Второе выявленное письмом А. А. основное различие между нами: мы, как символисты, в эсотерике своих мировоззрительных переживаний Пифагорейцы, хотя и полусознательные: это полусознание у Блока в его тяге к Числу; "теософизировать"; взгляд на причинность, как на Карму, был мною усвоен; к идее (пифагорейской) перевоплощения я не относился враждебно, хотя еще не строил на ней своего Главного. В символизме, в пифагорействе встречались мы (кстати: я был еще пифагореизирован математическими идеями отца, принимавшего гостеприимно идеи Кармы и перевоплощения в свою "Монадологию"); но в оформлении пифагорейства расходились; я чалил на Гераклита; был физик и динамик в своей метафизике; динамизм, становление, движение в моей идеологии не расключалось с ритмом, как единством; и стало быть с Логосом; А. А., так сказать, чалил на элеатов; его единое было неподвижно и постоянно; главные признаки подлинно-духовного в отличии от ложно-духовного для Блока - неподвижность, постоянство, покой; для меня тут именно начинался во внешне-идеологическом разрезе - догматизм и формализм; элеатские ризы мировоззрительной символики Блока отталкивали меня догматизмом.

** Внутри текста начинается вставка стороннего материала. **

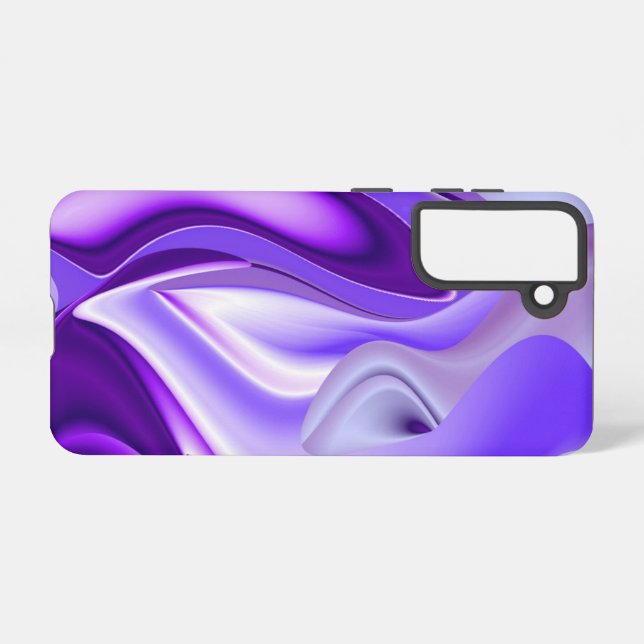 Purple Flower Rainbow Dreams Samsung Galaxy S21 Case (Back Horizontal)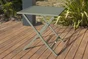 Table de jardin DCB GARDEN Marius carré vert kaki, 2 personnes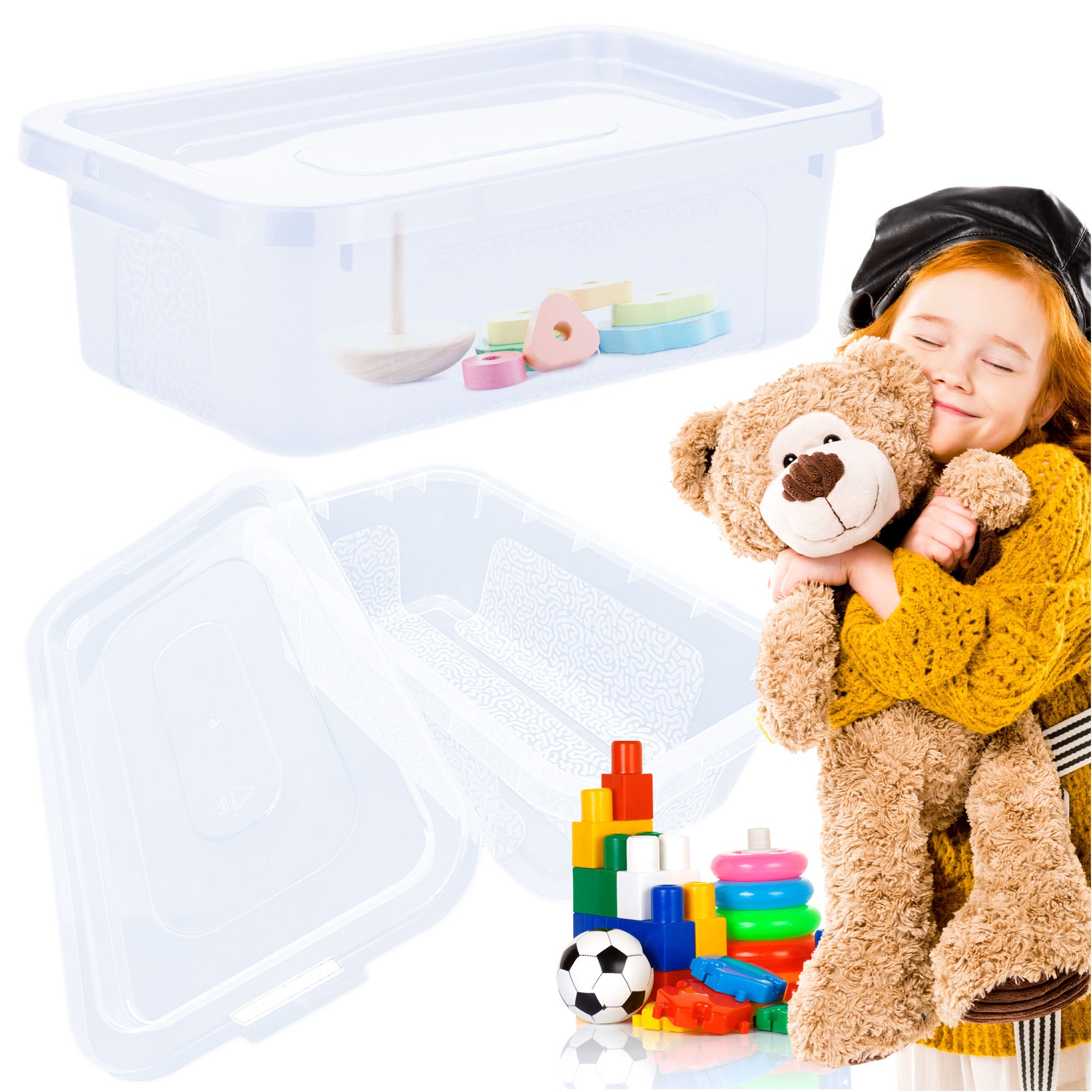 Pojemnik Pudło Plastikowe Pojemniki Z Pokrywą MultiBox 33x20x10 cm, 4,5 L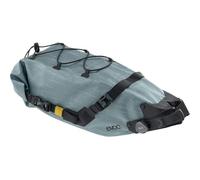 EVOC Seat Pack Boa WP 16, práctica Bolsa de sillín (Bolsa Impermeable para Bicicletas, Accesorios Ligeros para Bicicletas, Bolsa Trasera para Bicicletas, Volumen: 16 l), Acero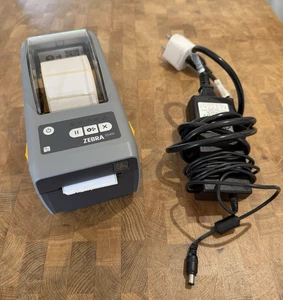 Zebra ZD410 203dpi Thermal Label Printer Grey PSU USB Excellent Used Condition - Picture 1 of 10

Единое модификаций (вариаций темы); поэтому внимание мое более сосредоточивалось на ритме изменений "Милого Лица"; само Лицо оставалось целомудренно скрытым; я его не видел; я - Ее менее видел, чем слышал; и слышал ее музыкально; у меня даже была скала лейтмотивов, взятых мною у великих композиторов и рассматриваемых по степени приближений и удалений к целому Лика; еще шаг, - и я сам стал пытаться символизировать звуками жизнь во мне изменений мне не данного Лика; отсюда мои музицирования того времени; и из музицирования вставшие темы Московской и Северной Симфоний. Оттого и "Симфонии".

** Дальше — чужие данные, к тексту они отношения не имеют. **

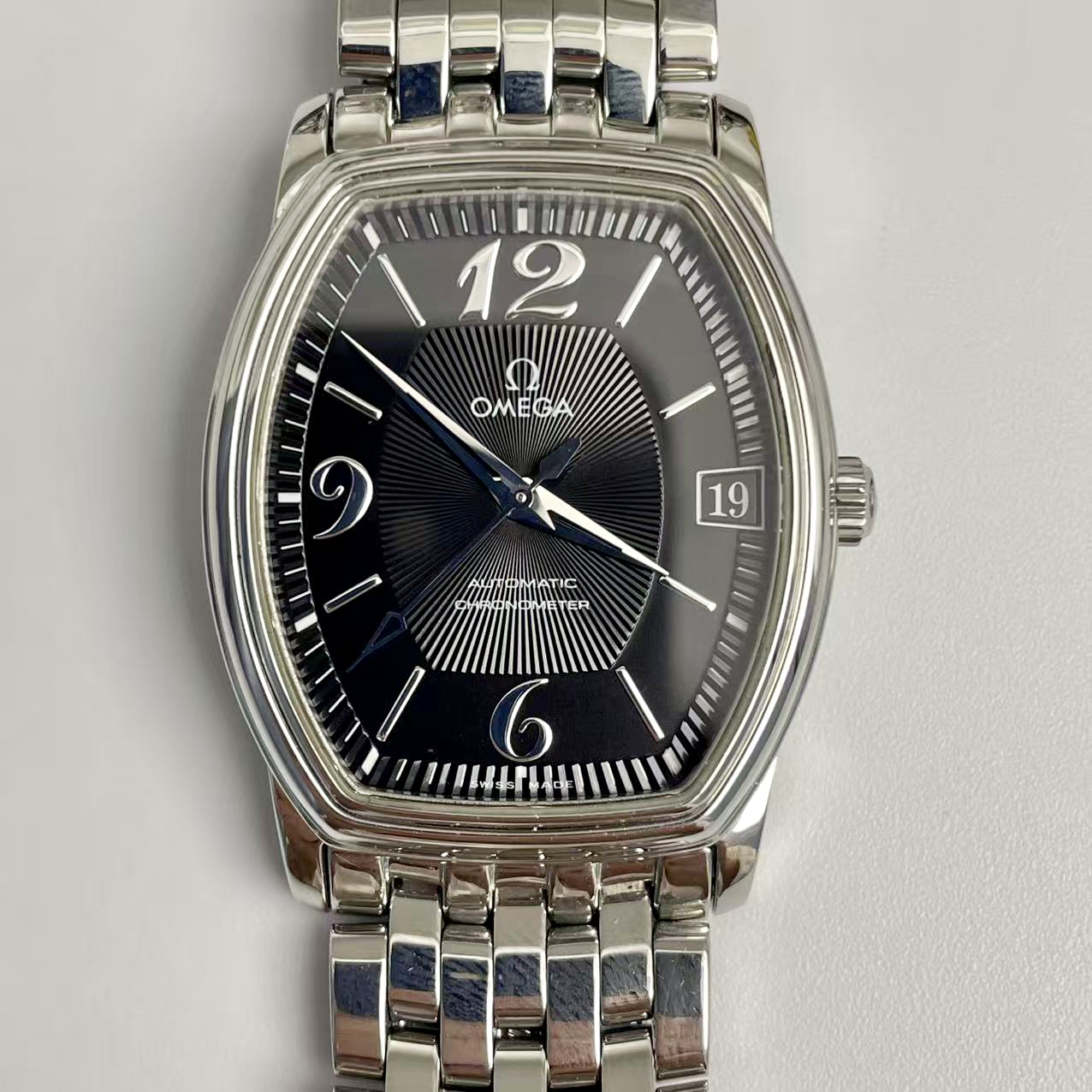 99新 Omega/欧米茄 蝶飞/自动机芯/男士/酒桶31×36mm/单表原扣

Блок как бы созерцал в неподвижном сиянии ее Лик в лучшие и просветленнейшие моменты; он менее слышал, чем видел; для меня это его видение Рафаэля; и как бы ни был велик этот Рафаэль, в средствах изображения были загаданы и краски, и плоскость (стенали, полотно ли). Стало быть: как бы мистично и прозрительно ни выглядел Лик ее, данный прообразом в образе, он был все же, пока он на полотне, образ и только образ, т. е. форма, а не то, что над формой и содержанием; а всякая "форма" -- "догмат": не целое всех изменений, а целое, данное в "раке" и в "ризе" одного из изменений; и стало быть: как бы мы ни превозносили "покой" над "движением", этот "покой" рисовался мне гипертрофированным "пунктом" линии движения; и тут я упирался в проблему "формы в движении", как долженствующей венчать собой и философию покоя, формы, и "дурное" движение (в Бло-ковском смысле); разрешение того и другого для меня было в suigeneris трактовке ритма; и стало быть - "музыки". "преткновение" с А. А. в проблеме трактовки музыки было не случайно; в нем - уже узел всех прочих недоразумений.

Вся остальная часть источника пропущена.